### [Exercise aim]
From the records below, transcribe only the lines running from the one with "Digital Radiografia Dental" through the one with "Houbigant Paris - Bois Mystique". Keep both of those end lines.

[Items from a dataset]
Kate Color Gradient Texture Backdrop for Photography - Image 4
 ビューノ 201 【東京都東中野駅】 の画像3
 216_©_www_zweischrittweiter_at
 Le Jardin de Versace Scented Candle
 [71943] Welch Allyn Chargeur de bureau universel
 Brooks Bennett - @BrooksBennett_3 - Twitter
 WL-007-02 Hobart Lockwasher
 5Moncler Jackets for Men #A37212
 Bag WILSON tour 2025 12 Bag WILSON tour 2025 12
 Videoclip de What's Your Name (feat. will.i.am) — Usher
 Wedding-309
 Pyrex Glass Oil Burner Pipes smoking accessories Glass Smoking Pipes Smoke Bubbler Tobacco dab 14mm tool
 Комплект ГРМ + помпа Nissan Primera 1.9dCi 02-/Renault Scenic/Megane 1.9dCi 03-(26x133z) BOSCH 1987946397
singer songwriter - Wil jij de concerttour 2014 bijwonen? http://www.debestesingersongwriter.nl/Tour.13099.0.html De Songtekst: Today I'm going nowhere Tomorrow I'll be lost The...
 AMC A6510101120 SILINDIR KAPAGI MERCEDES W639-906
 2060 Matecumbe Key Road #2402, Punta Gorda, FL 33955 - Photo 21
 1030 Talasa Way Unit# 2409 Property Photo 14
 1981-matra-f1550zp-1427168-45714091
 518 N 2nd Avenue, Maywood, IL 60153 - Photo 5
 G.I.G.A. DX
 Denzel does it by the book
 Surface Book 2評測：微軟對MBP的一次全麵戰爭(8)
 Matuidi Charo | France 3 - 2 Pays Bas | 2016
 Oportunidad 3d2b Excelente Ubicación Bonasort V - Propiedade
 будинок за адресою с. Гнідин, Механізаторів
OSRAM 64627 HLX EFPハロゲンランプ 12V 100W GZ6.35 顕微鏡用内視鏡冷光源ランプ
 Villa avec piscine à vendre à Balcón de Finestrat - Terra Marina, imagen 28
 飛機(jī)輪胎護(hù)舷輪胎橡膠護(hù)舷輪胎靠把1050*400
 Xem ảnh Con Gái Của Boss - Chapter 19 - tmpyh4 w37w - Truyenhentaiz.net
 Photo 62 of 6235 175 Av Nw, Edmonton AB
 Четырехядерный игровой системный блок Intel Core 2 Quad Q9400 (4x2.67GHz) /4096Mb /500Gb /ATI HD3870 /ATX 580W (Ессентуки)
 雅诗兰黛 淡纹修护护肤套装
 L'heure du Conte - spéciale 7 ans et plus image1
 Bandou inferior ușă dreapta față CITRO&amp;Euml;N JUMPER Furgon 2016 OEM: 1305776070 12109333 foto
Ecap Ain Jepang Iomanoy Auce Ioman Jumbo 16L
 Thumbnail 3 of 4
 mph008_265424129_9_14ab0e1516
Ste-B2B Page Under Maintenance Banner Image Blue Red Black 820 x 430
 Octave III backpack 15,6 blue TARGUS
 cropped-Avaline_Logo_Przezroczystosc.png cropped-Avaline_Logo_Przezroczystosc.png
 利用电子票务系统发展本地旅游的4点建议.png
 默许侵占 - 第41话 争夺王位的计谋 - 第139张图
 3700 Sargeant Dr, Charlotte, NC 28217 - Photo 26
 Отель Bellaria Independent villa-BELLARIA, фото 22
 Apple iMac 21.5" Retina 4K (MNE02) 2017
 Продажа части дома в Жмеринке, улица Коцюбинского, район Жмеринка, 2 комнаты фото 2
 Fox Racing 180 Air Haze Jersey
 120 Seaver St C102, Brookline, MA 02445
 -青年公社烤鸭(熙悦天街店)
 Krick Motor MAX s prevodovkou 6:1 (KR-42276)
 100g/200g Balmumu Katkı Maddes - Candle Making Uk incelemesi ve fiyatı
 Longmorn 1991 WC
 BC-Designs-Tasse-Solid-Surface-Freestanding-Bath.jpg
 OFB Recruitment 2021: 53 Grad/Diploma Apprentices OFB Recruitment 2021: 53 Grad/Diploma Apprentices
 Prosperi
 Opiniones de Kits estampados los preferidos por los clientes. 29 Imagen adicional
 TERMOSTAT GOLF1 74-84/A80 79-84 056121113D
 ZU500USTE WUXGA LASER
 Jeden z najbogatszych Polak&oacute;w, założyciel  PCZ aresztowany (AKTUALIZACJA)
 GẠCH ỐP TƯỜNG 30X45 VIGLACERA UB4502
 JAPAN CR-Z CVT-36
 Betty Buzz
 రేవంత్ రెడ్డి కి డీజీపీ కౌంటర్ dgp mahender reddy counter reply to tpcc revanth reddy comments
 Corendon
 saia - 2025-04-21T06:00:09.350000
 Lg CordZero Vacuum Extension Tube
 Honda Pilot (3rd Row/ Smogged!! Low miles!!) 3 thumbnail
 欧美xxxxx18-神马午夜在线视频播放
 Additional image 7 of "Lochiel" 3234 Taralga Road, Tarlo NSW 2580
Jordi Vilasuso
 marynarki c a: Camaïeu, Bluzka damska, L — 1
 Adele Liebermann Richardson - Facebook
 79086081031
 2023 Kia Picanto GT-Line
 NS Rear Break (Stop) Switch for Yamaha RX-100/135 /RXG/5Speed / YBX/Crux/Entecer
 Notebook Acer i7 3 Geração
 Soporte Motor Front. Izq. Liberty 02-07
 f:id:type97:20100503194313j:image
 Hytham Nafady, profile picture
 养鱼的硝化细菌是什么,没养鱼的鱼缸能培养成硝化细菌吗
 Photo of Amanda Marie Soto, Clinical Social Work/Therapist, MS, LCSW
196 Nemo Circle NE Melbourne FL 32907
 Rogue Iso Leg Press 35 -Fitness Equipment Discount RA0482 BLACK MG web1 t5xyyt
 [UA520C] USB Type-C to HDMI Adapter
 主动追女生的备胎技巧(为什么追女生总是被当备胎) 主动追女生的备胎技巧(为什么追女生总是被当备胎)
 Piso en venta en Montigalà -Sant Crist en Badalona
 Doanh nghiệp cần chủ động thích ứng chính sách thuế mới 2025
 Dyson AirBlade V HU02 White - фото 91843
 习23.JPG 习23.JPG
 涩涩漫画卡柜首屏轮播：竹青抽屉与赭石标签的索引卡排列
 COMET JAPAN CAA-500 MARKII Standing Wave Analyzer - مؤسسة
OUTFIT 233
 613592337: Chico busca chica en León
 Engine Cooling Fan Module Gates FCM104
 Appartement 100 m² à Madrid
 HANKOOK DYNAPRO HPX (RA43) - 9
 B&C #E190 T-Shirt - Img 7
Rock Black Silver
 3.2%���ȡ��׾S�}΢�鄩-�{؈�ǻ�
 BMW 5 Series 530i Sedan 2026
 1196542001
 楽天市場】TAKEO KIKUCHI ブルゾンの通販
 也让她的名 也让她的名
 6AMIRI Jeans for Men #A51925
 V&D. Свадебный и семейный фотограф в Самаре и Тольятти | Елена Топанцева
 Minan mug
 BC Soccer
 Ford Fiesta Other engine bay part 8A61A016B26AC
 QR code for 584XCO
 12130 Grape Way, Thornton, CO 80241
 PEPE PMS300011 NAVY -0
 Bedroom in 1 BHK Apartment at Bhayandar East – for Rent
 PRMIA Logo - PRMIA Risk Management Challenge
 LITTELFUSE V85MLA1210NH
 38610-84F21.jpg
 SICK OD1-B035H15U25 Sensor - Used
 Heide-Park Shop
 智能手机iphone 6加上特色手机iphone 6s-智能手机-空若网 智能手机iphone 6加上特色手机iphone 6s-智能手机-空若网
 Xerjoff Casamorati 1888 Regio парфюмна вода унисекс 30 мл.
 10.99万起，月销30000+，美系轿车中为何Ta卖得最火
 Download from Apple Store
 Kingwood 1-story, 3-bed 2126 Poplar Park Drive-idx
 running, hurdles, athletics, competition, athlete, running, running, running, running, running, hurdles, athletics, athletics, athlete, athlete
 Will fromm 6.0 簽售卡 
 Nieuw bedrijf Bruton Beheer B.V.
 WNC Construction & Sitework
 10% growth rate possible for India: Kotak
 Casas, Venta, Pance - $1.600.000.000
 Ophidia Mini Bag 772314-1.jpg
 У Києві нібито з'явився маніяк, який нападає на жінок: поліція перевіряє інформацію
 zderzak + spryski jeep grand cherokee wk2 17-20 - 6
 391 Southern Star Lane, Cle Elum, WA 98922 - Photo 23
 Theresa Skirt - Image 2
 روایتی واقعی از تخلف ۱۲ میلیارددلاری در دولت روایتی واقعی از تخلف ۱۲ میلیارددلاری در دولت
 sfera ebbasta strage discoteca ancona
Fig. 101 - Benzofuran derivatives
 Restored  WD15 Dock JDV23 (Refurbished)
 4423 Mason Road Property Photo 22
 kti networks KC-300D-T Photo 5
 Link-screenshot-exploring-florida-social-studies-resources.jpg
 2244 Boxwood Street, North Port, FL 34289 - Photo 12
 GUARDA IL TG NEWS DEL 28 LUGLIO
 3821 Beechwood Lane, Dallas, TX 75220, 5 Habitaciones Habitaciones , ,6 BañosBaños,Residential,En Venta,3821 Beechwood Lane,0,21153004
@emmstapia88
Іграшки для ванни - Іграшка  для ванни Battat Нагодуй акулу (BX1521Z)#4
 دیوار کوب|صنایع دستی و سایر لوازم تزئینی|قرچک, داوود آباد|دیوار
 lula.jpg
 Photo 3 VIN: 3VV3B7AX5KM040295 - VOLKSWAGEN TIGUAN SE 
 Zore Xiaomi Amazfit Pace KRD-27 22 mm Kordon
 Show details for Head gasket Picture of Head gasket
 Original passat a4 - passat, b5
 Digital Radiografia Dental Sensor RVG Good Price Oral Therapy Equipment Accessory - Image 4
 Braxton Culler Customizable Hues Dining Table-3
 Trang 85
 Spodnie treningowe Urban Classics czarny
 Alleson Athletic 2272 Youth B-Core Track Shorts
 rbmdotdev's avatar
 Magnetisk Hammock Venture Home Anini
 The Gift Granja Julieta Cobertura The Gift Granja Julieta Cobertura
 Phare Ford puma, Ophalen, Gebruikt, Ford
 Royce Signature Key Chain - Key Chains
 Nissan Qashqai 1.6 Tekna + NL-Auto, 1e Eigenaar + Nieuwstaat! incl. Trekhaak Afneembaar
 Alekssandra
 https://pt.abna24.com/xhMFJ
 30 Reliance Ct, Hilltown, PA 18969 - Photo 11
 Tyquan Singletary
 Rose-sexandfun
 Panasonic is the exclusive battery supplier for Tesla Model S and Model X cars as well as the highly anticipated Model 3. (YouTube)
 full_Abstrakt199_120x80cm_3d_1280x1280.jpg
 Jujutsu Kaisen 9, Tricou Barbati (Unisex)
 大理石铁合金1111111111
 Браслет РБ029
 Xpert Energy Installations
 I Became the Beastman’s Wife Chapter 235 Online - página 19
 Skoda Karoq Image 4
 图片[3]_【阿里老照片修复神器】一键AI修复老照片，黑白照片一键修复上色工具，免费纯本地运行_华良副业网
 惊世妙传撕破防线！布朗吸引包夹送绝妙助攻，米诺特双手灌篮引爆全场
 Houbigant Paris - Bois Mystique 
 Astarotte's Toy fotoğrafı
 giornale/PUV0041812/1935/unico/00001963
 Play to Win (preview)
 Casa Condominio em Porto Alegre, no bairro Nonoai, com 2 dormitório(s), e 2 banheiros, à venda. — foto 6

### [Result]
 Digital Radiografia Dental Sensor RVG Good Price Oral Therapy Equipment Accessory - Image 4
 Braxton Culler Customizable Hues Dining Table-3
 Trang 85
 Spodnie treningowe Urban Classics czarny
 Alleson Athletic 2272 Youth B-Core Track Shorts
 rbmdotdev's avatar
 Magnetisk Hammock Venture Home Anini
 The Gift Granja Julieta Cobertura The Gift Granja Julieta Cobertura
 Phare Ford puma, Ophalen, Gebruikt, Ford
 Royce Signature Key Chain - Key Chains
 Nissan Qashqai 1.6 Tekna + NL-Auto, 1e Eigenaar + Nieuwstaat! incl. Trekhaak Afneembaar
 Alekssandra
 https://pt.abna24.com/xhMFJ
 30 Reliance Ct, Hilltown, PA 18969 - Photo 11
 Tyquan Singletary
 Rose-sexandfun
 Panasonic is the exclusive battery supplier for Tesla Model S and Model X cars as well as the highly anticipated Model 3. (YouTube)
 full_Abstrakt199_120x80cm_3d_1280x1280.jpg
 Jujutsu Kaisen 9, Tricou Barbati (Unisex)
 大理石铁合金1111111111
 Браслет РБ029
 Xpert Energy Installations
 I Became the Beastman’s Wife Chapter 235 Online - página 19
 Skoda Karoq Image 4
 图片[3]_【阿里老照片修复神器】一键AI修复老照片，黑白照片一键修复上色工具，免费纯本地运行_华良副业网
 惊世妙传撕破防线！布朗吸引包夹送绝妙助攻，米诺特双手灌篮引爆全场
 Houbigant Paris - Bois Mystique 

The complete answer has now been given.